Now she’s bringing that dedication and passion for addressing mental health issues to Eckerd College as an assistant professor of human development. Bay-Markins holds Bachelor of Science degrees in psychology and Spanish from Wagner College, a Master of Education degree from Springfield College, and a Doctor of Philosophy in human development and family science from Syracuse University. She also is a certified recreation therapist and a child life specialist.
Assistant Professor of Human Development DeAnna Bay-Markins, Ph.D.
For the last three years, she served as an assistant professor of psychology at Southwestern College.
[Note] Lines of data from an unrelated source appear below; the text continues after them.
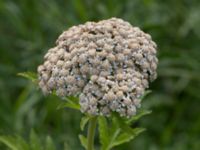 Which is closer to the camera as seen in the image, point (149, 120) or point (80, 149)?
point (80, 149)

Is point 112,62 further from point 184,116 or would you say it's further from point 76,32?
point 184,116

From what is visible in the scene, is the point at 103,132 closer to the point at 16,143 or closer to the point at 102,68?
the point at 16,143

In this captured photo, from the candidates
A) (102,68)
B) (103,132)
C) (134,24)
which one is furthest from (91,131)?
(134,24)

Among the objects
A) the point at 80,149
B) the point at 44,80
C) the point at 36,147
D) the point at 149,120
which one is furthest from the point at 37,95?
the point at 44,80

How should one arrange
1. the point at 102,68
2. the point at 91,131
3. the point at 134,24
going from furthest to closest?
1. the point at 134,24
2. the point at 91,131
3. the point at 102,68

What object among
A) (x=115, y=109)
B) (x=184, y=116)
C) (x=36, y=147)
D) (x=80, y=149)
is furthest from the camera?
(x=184, y=116)

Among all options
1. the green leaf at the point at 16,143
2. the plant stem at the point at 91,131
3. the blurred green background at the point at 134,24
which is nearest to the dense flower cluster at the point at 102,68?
the plant stem at the point at 91,131

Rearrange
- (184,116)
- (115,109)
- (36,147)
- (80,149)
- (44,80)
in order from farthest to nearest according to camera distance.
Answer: (184,116), (80,149), (36,147), (44,80), (115,109) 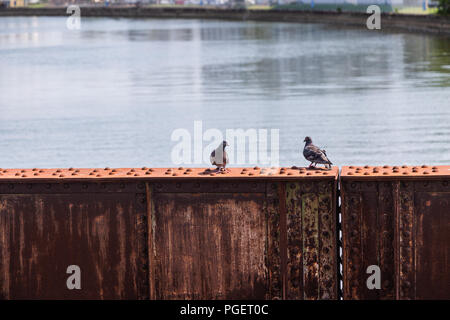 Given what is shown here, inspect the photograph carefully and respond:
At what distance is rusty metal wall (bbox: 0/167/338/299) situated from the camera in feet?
24.6

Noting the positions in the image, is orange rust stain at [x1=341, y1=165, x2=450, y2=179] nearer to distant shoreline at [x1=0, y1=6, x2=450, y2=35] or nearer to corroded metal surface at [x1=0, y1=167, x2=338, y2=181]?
corroded metal surface at [x1=0, y1=167, x2=338, y2=181]

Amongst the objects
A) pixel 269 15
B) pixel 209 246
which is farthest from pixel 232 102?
pixel 269 15

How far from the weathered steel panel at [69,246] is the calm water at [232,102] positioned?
11.6m

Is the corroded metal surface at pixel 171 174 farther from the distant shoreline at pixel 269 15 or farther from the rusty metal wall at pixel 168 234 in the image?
the distant shoreline at pixel 269 15

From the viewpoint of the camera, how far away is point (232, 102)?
3189 cm

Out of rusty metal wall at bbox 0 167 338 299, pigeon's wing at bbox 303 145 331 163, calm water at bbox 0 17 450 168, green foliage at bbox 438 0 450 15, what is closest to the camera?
rusty metal wall at bbox 0 167 338 299

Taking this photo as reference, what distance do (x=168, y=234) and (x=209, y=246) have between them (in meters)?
0.35

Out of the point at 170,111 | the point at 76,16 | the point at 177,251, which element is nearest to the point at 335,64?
the point at 170,111

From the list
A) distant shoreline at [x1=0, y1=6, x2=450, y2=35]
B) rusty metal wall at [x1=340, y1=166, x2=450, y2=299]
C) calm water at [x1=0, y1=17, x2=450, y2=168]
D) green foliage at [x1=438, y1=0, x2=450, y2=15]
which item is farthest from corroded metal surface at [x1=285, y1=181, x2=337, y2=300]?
green foliage at [x1=438, y1=0, x2=450, y2=15]

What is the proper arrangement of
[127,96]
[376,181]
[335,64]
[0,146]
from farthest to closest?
[335,64] → [127,96] → [0,146] → [376,181]

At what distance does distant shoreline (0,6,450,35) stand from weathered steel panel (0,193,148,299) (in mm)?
63663

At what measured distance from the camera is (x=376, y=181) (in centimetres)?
734

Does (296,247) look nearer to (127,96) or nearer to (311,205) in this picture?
(311,205) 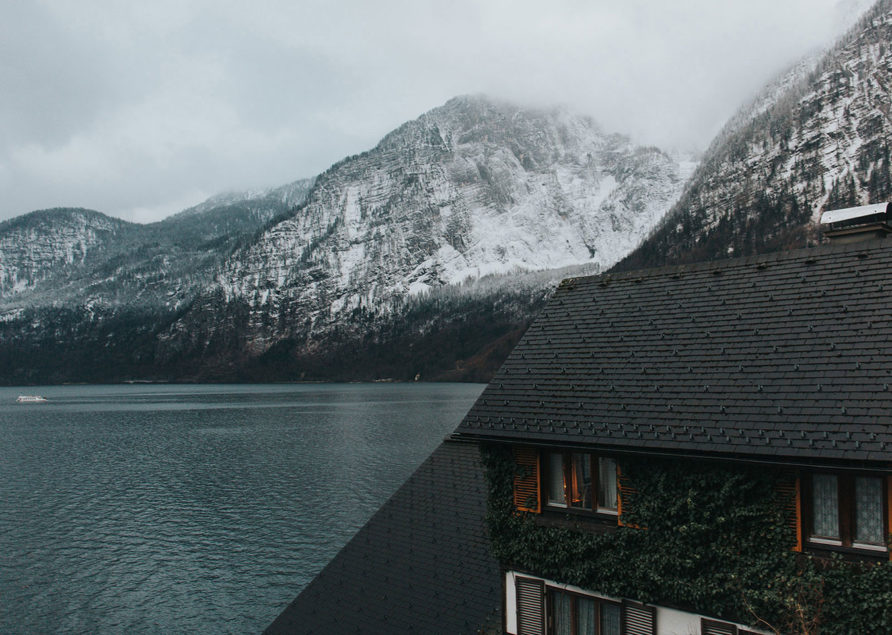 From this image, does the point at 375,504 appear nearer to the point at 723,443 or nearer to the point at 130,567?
the point at 130,567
“It’s so hard to find someone who hasn’t been touched by cancer,” she says. That’s partly why she has narrowed her focus to the treatment of children whose parents have had the disease. The title of her dissertation is Psychosocial Well-Being of Youth Impacted by Parental Cancer.
“With children, one of the patterns that emerged was that they didn’t know how to talk about it at school among their peers,” she says. “One family told me they asked their children not to talk about it because they thought it was a private matter.”
Bay-Markins grew up in Syracuse. Her father taught in an outpatient program for children, and her mother was the principal at a school that is part of a psychiatric facility. “I come from a long generation of helpers,” she explains. “My grandfather was an occupational therapy assistant, and both of my grandmothers were teachers.”
But until she entered college, she wasn’t sure where her path would lead. “I kind of wanted to go into marine biology,” she says, “but in middle school, I told a guidance counselor I wanted to be a psychologist who also worked with dolphins. The guidance counselor told me that wasn’t a thing. I went home crying. But my mom stood up for me and said if anyone could figure out a way to do it, I would.”
And she did.
Along with her work at Camp Kesem, Bay-Markins has worked several summers at Water Planet, a Panama City Beach facility that offers therapeutic dolphin programs to children with emotional and mental health challenges, as well as those with chronic and terminal illnesses. Some of the children who go through the program have been diagnosed with autism spectrum disorder or have Down syndrome, ADHD or other psychosocial concerns.
When Bay-Markins learned of the opportunity at Eckerd, she remembered one of her professors at Syracuse who was an Eckerd alumnus—Bruce Carter ’74, Ph.D., associate professor emeritus of psychology and child and family studies. “I emailed him and asked if he had any advice for the interview,” Bay-Markins explains. Carter not only gladly complied, he made the two-hour drive from his home in Sebring to the Eckerd campus to personally give his recommendation. “I did not know he was going to do that,” she says.
“I was on the faculty at Syracuse University when DeAnna was a graduate student there,” Carter recalls. “She was my teaching assistant at least once, and she was a student in several of my graduate classes. I was also on a number of committees that evaluated her. I drove the 90 miles from Sebring to St. Pete because I was certain DeAnna would be an excellent match for Eckerd College.”
That’s the same feeling Bay-Markins got when she first arrived on campus in July. “I felt like I was moving into a good place,” she says. “I’ve been working on and off between teaching, and I kept thinking about getting to the students while they’re in college and starting them with the lessons that I learned on the job.
“These are very transferable lessons, and it would be great if I could reach them so they don’t get burned out on the job. Being aware of certain things, but not being scared of them. Give them the tools to go out on the job with confidence.”